Dr. Maina Singh and the Indian Jews of Israel


c 2009 Me! I took this picture :)

Every time I find out about another ethnic Jewish minority, it blows my mind.  How many permutations of us are there? Of course you have your garden variety North American Jews, then you have us Russian Jews who are apprently invading everything, and then there are the Ethiopians, the cool kids of the 1990s.  But Indian Jews?  Really?

A couple weeks ago, at American University, Dr. Maina Chawla Singh delivered a lecture on Being Indian, Being Israeli. Dr. Singh  is originally from the University of Delhi but relocated to Israel for three years beginning in 2005 when her husband, Arun Singh, was the Ambassador to Israel.  She began her research on Jews who had made aliyah to Israel from India.

In India, Dr.
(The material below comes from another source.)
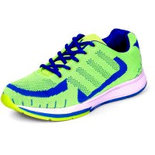 Touchwood Men's Caleb Green-Blue Sports Running Shoes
Singh said, there were three main areas of Jewish settlement: Maharashtra, where the Bene Israel lived (the Indian Jews the West is most familiar with through Sadia Shepard’s book and movie), the Cochinese Jews in Kerala who speak not Hindi but Malayalam, and the “Baghdadi” Jews of Calcutta who are more Bengali in culture and come from an amalgamation of places such as Singapore and Shanghai.


These groups mostly didn’t intermingle in Israel and mostly kept to the culture of their area as opposed to marrying “Jewish” across the country.  They were all also relatively wealthy and cultured  in relation to their neighbors.  This all made it all the more surprising when the first wave of them left in 1949, 70,000 people, to Israel.  What is most interesting is that Dr. Singh emphasized that the Jews made aliyah for antionalist reasons-Zionism.  The Jews in India have never been persecuted and therefore did not form the shtetl and protectionist mentality that Eastern European Jews had.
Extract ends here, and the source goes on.